Saturday, February 27, 2010

Life, Liberty & The Pursuit of Happiness In Moscow, Texas

Yesterday I indicated this would happen, that I'd hear from someone outside America and then feel the need to change the CARO logo. Again.

So now it's the "World To Save Carter Avenue."

Apparently, Vladimir from Moscow, Russia, follows American eminent domain abuse cases, paying particularly close attention to the Eminent Domain Abuse Capital of the World.

Tarrant County, Texas.

Ironically, Vladimir lives in the country that pretty much invented eminent domain abuse and used to be the world capital of such abuse, when it was the Soviet Union. In the Soviet Union eminent domain abuse was called Communism.

The Communists used to run roughshod over the Soviet people. If the Communists decided they wanted to drill for natural gas where you lived, they'd just remove you from your land, using some flimsy legalese, maybe throwing you in the Gulag if you did not leave your land peacefully.

If the Communists wanted to run a non-odorized natural gas pipeline under your home and you didn't want them to, tough luck, they'd go through some trumped up legal formality and build the pipeline.

If the Communists wanted to build a sewer plant next to your farm and needed some of your land, they'd throw some papers in your face, informing you that part of your land was being taken and then proceed to proceed, with no attention paid to how you were impacted.

If the Communists wanted to build a new stadium, where dozens of homes and apartment buildings sat, they'd inform the apartment dwellers and homeowners they had to get out, because the people need a stadium. And then bring in the bulldozers.

I can't imagine what it must have been like to live in the Communist former Soviet Union, where such horrible abuses occurred. I'm so grateful to be living free in America where such things can not occur, because here in America we are guaranteed, by our Constitution, that prime among our many rights is the right to Life, Liberty and the Pursuit of Happiness.
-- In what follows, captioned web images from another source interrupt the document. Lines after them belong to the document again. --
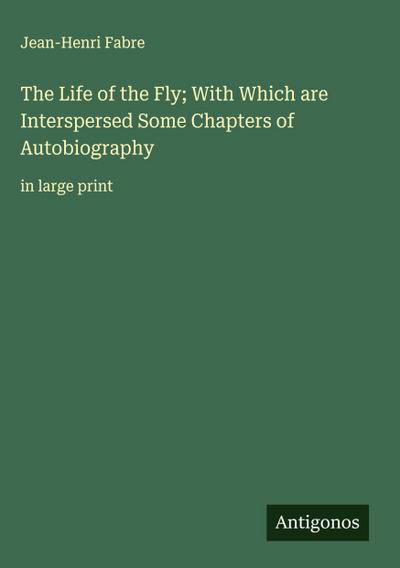The Life of the Fly; With Which are Interspersed Some Chapters of Autobiography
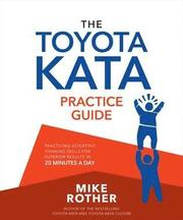 The Toyota Kata Practice Guide: Practicing Scientific Thinking Skills for Superior Results in 20 Minutes a Day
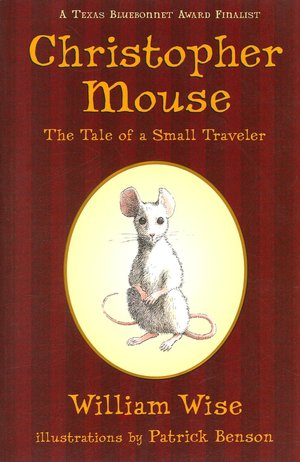 Christopher Mouse: The Tale of a Small Traveler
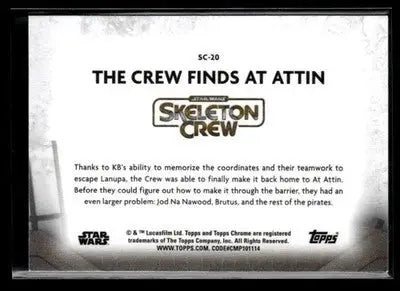 2025 Topps Chrome Star Wars The Crew Finds At Attin #SC-20 Skeleton Crew - Star Wars Card Single
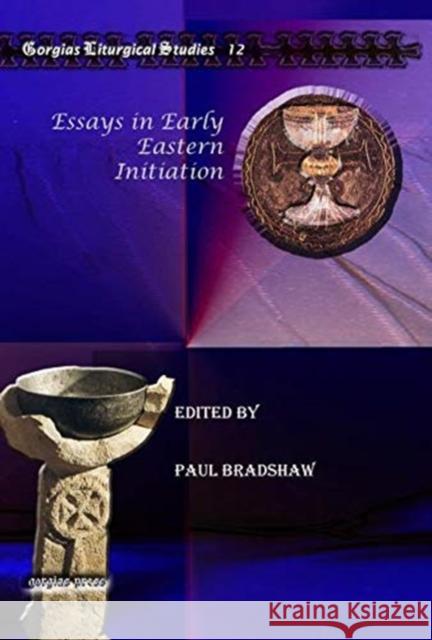 Essays in Early Eastern Initiation Paul Bradshaw 9781607243632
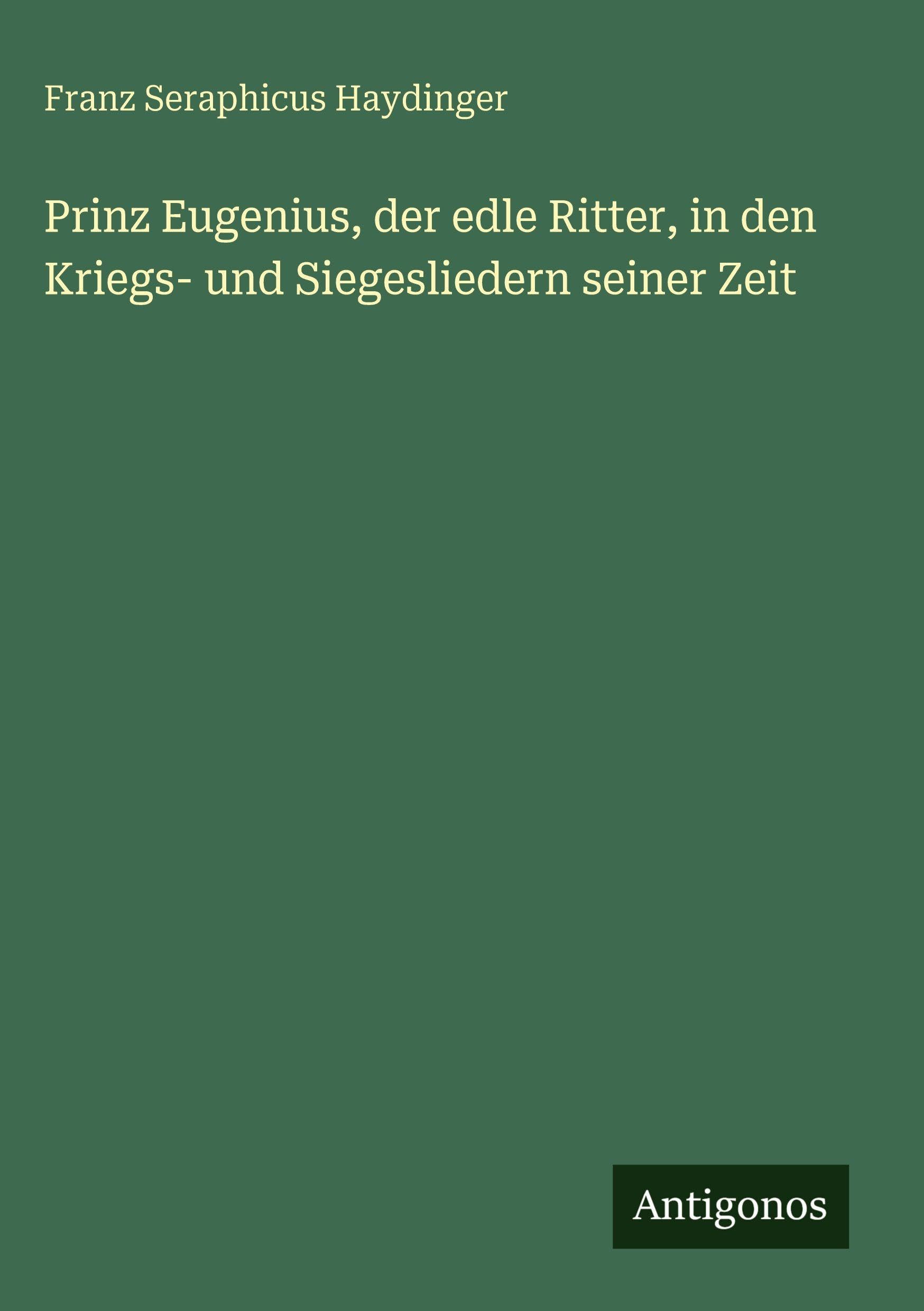 Prinz Eugenius, der edle Ritter, in den Kriegs- und Siegesliedern seiner Zeit Classics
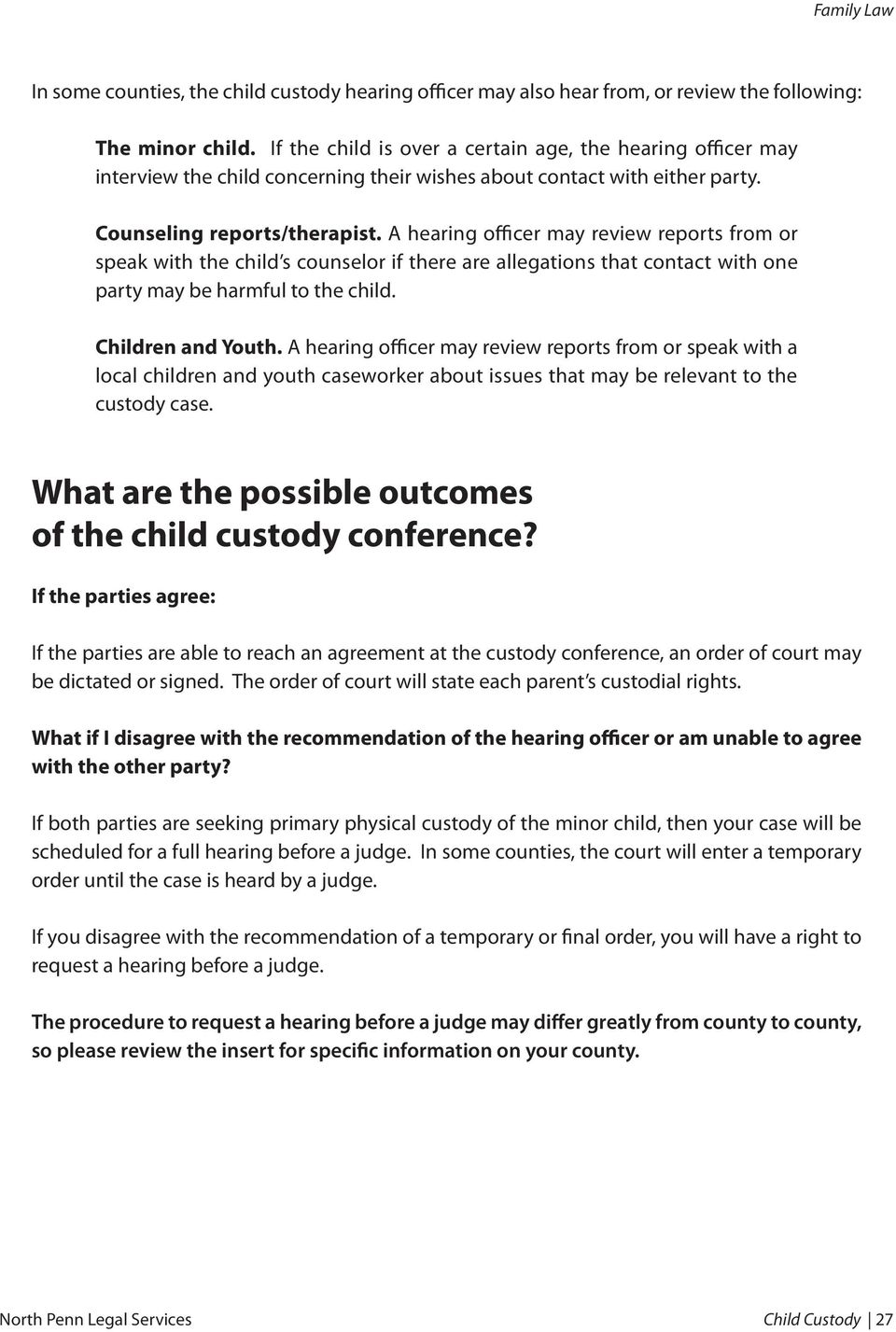 A hearing officer may review reports from or speak with the child s counselor if there are allegations that contact with one party may be harmful to the child. Children and Youth.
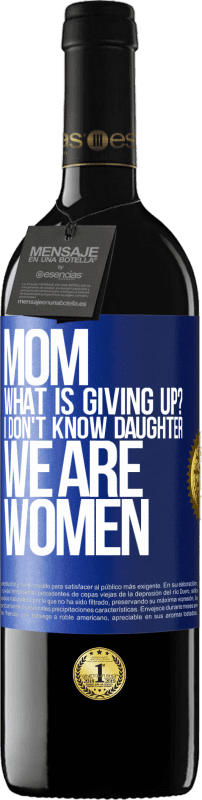 39,95 € | Red Wine RED Edition MBE Reserve Mom, what is giving up? I don't know daughter, we are women Blue Label. Customizable label Reserve 12 Months Harvest 2015 Tempranillo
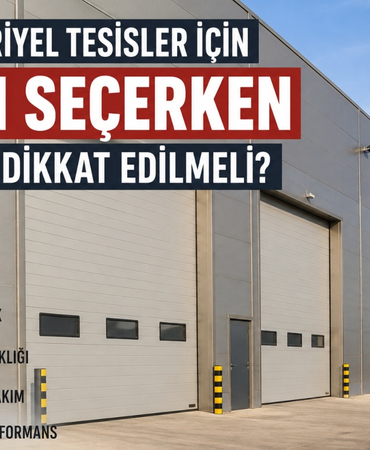Endüstriyel Tesisler İçin Kapı Seçerken Nelere Dikkat Edilmeli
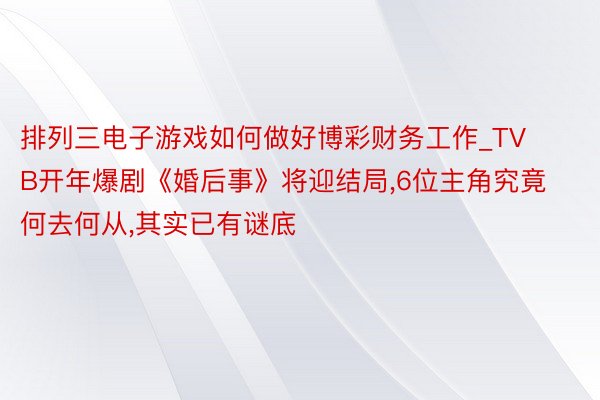 排列三电子游戏如何做好博彩财务工作_TVB开年爆剧《婚后事》将迎结局,6位主角究竟何去何从,其实已有谜底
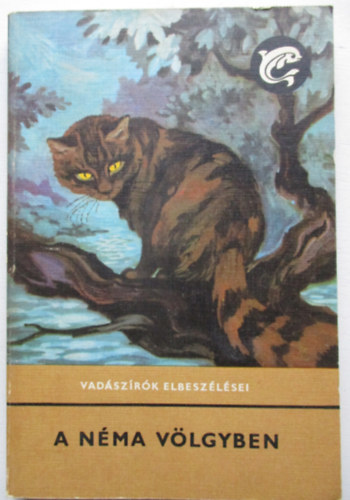Mra Ferenc Knyvkiad - A nma vlgyben (Vadszrk elbeszlsei, delfin)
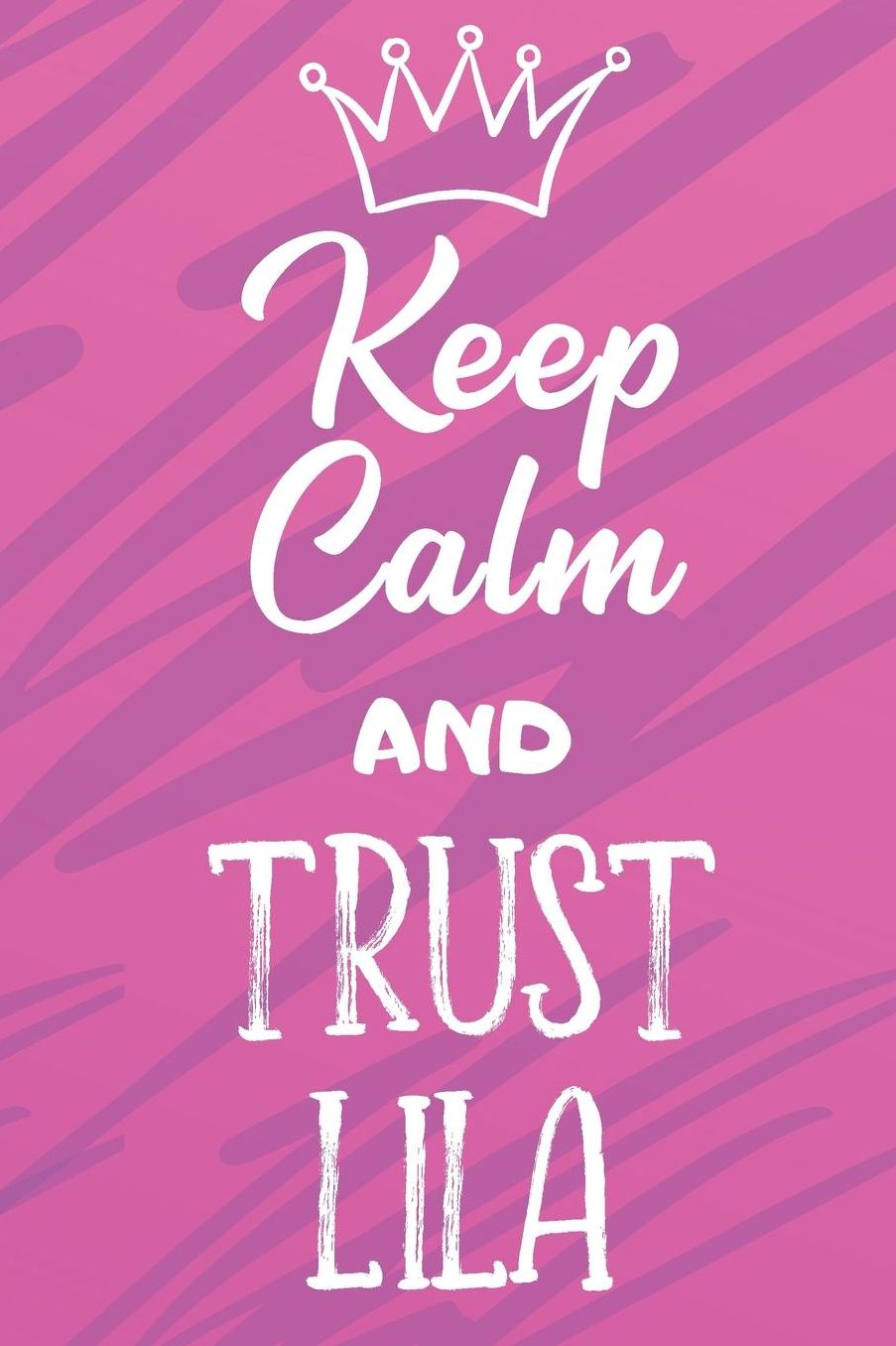 Keep Calm And Trust Lila: Funny Loving Friendship Appreciation Journal and Notebook for Friends Family Coworkers. Lined Paper Note Book.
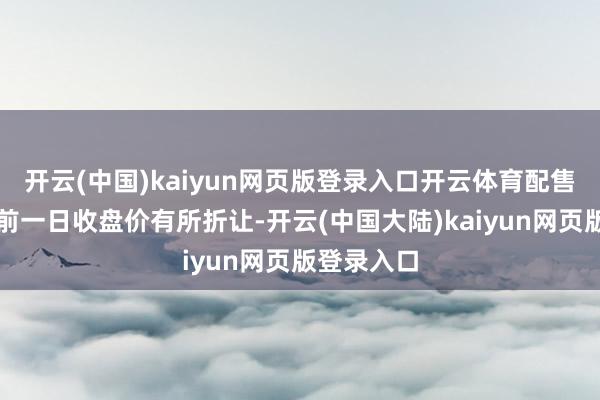 开云(中国)kaiyun网页版登录入口开云体育配售价钱比较前一日收盘价有所折让-开云(中国大陆)kaiyun网页版登录入口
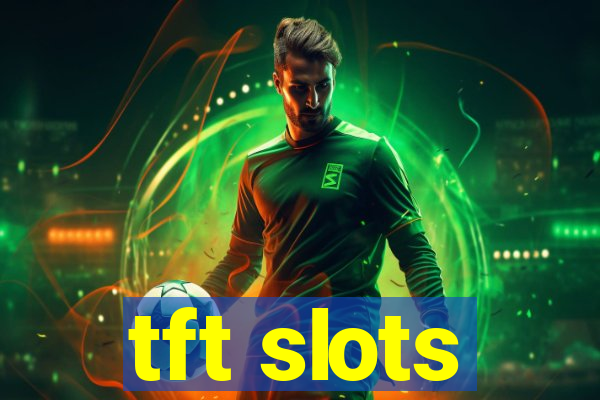 tft slots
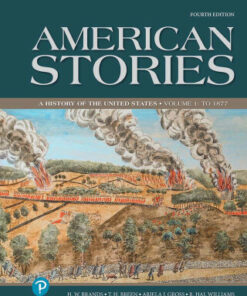 American Stories: A History of the United States, Volume 1 4th Edition - Original PDF
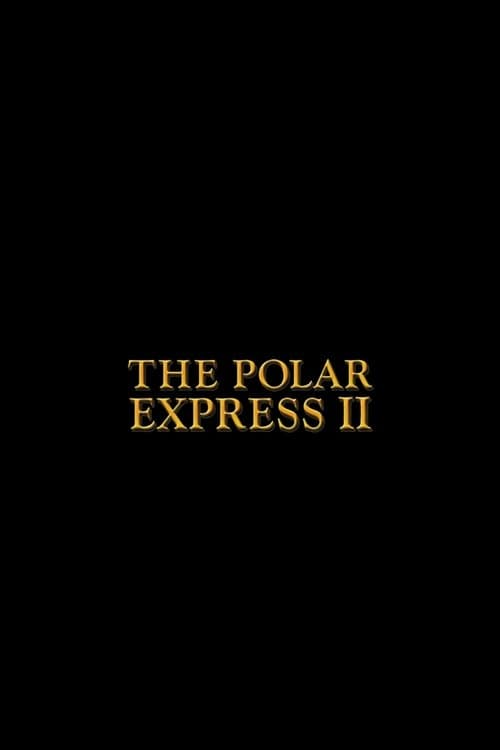 The Polar Express 2 afişi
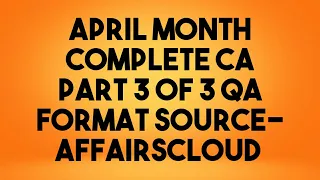 April Month Complete CA Part 3 of 3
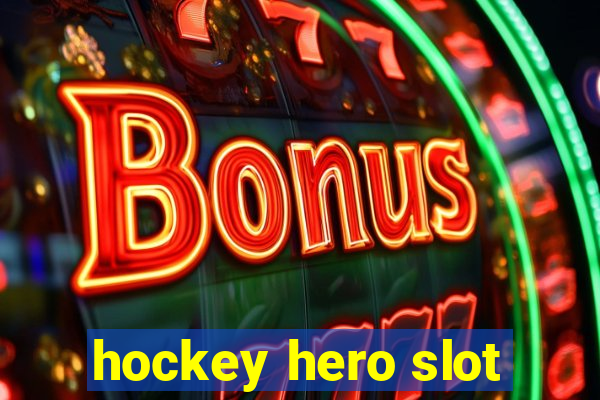 hockey hero slot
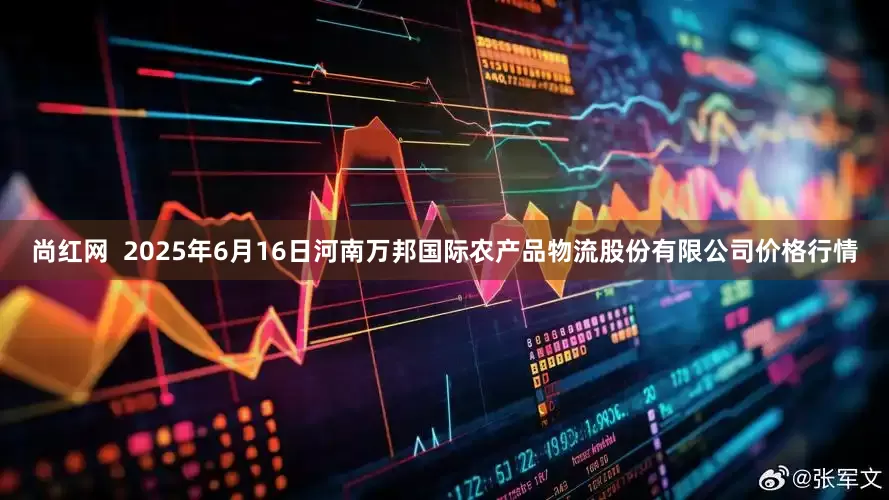 尚红网 2025年6月16日河南万邦国际农产品物流股份有限公司价格行情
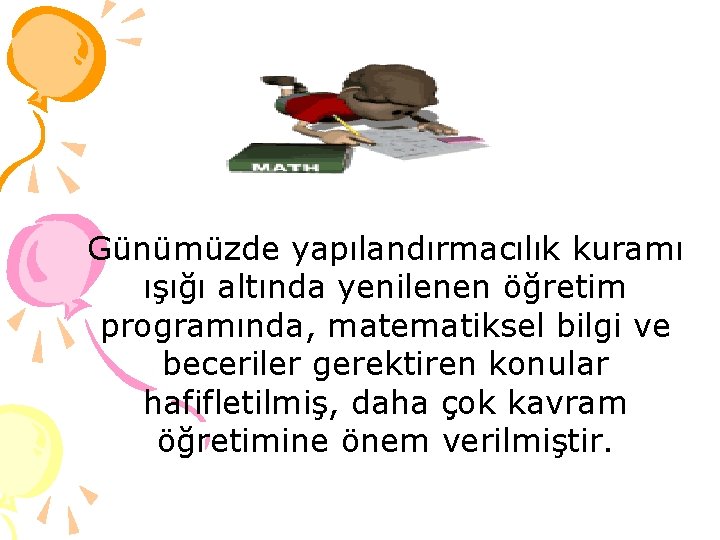 Günümüzde yapılandırmacılık kuramı ışığı altında yenilenen öğretim programında, matematiksel bilgi ve beceriler gerektiren konular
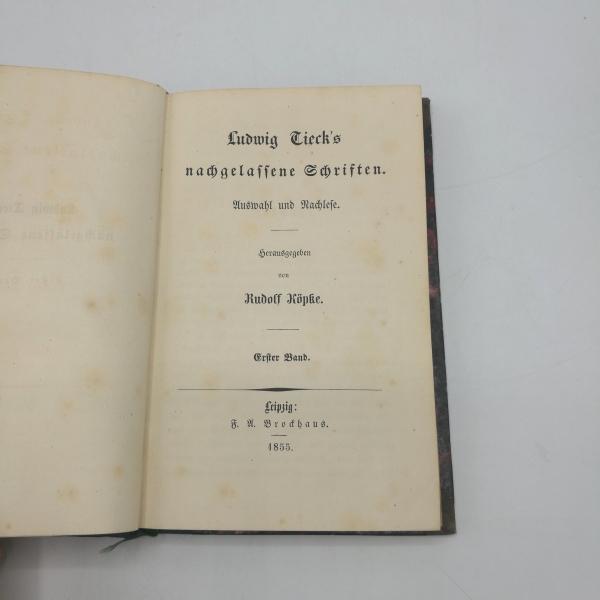 Ludwig Tieck, Rudolf Köpke (Hg.): Ludwig Tieck's nachgelassenen Schriften. Auswahl und Nachlese.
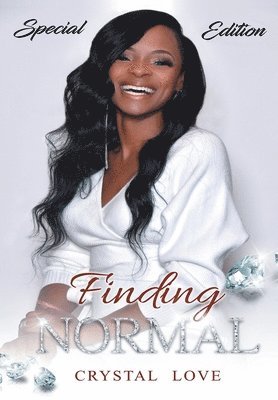 Crystal Love, Nicole Queen - Finding Normal, Inbunden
And to be safe and secure on our property.

See you all in downtown Moscow, I mean, Fort Worth, Thursday morning.

1 comment:

Unknown said...

Justice Sandra Day O’Connor was prescient in her Kelo dissent when she wrote that “the fallout from this decision will not be random . . . the government now has license to transfer property from those with fewer resources to those with more.”

What property owners are seeing across the country is that the notion of "public good" is corrupted in today's interpretation of eminent domain; plus the fact that there is a lot of play in the "just" of just compensation.

New York and Pennsylvania, among other states, will see more eminent domain "takings" thanks to the rising interest in natural gas drilling in the gas-rich Marcellus Shale (which has been compared to the Barnett shale in Texas. With more drilling comes more pipelines (like Ft. Worth) and more underground gas storage fields -- and that (pipelines & storage fields) always means eminent domain.

The excellent Institute for Justice (of Kelo fame) declines to intervene in energy/utility "takings" because, they told me, of the "public good" premise.

But property owners can fight back. Our two-year battle against Houston-based Spectra Energy which seized our property rights for an underground gas storage field led to the development of a website which has begun to attract whistle blowers inside the energy industry. We are collaborating and helping property owners in many states. For info, visit the site: Spectra Energy

Fort Worth is also headquarters for Range Resources -- currently the premier Marcellus Shale producer in Pennsylvania. Read about Ron Gulla, "a man on fire" -- a property owner and lease holder who is bring his fiery passion against Range. We need more Ron Gullas. Link: http://www.spectraenergywatch.com/blog/?p=522

By the way, our new neighbor, Spectra Energy, has received two Notice of Violations for "unlawful conduct" related to emergency shutdowns and emissions at its storage field in Bedford County, PA. Reports of contaminated water supplies are on the rise since they began operations.

The ripple effects of eminent domain are never over.